Here, we model a germanosilicate multimode fiber, where a supergaussian transverse profile of the germanium concentration is assumed. The refractive index is interpolated between that of silica and germania according to the local germania content:

```r_co := 8 um  { core radius }
c_GeO2(r) :=
{ doping profile: fraction of GeO2 at radius r }
if r <= r_co
then 0.12 * exp(-(1.2 * r / r_co)^8)
else 0  { index must be exactly constant for r > r_co }
n_f(r,lambda) := sqrt(c_GeO2(r) * n_GeO2(lambda)^2 + (1 - c_GeO2(r)) * n_SiO2(lambda)^2)
calc set_n_profile("n_f",r_co)
{ This assigns the index function to the fiber. }
```

The refractive indices of silica and germania are calculated from Sellmeier formulas. In that way, the wavelength dependence is included, which we need for calculating the chromatic dispersion.

From the wavelength-dependent refractive index profile, the mode solver can calculate all modes existing at any particular wavelength, including their intensity profiles, effective refractive index, group velocities, and group velocity dispersion.

### Results

Figure 1 shows the radial functions of all modes existing at a wavelength of 1000 nm. In the lower part, it also shows the refractive index profile and the effective refractive indices of all modes. The colors are indicating the mode index l.
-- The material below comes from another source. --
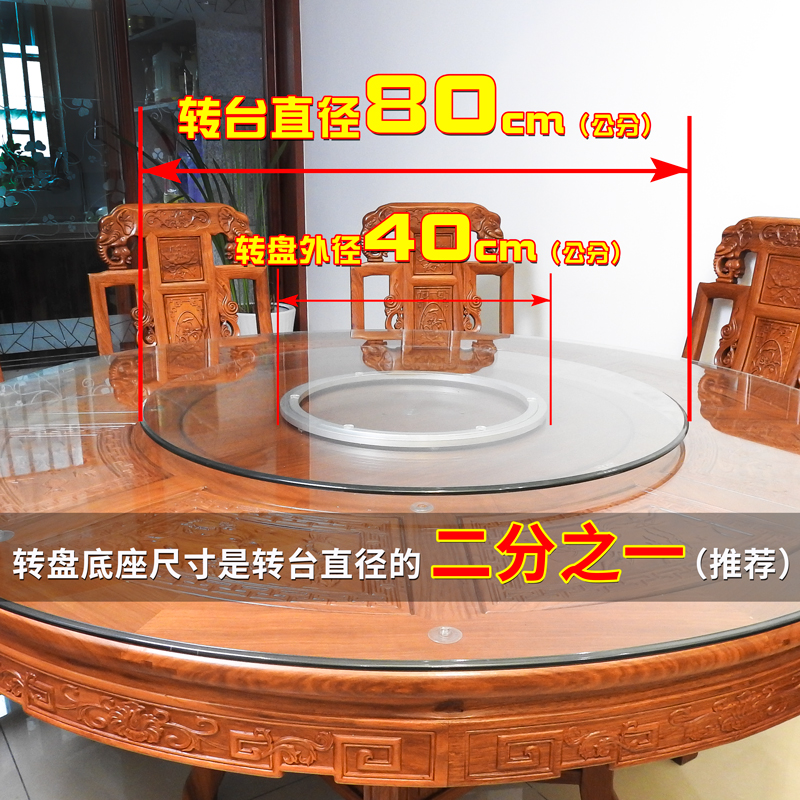 39cm餐桌转盘轴承铝合金圆桌木质转动台玻璃桌子轨道旋转底座防滑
Figure 1: Radial profiles of mode function, index profile and effective indices.

Figure 2 shows effective refractive indices of the modes as functions of the wavelength. These all lie between the refractive indices of the cladding and the on-axis index, as indicated with dashed gray lines.

Figure 2: Effective refractive indices.

Figure 3 shows group indices of the modes as functions of the wavelength. Due to the influence of waveguide dispersion, these mostly lie above the group index on the fiber axis. Close to its cut-off, however, the group index of a mode drops substantially, because the mode becomes weakly guided, and the contribution of the waveguide dispersion becomes smaller. (The vertical lines indicate the cut-off wavelengths.)

Figure 3: Group indices.

Figure 4 shows group velocity dispersion (GVD). This rises when approaching a cut-off. Again, the gray dashed curves indicate the values of the cladding and the fiber axis.

Figure 4: Group velocity dispersion.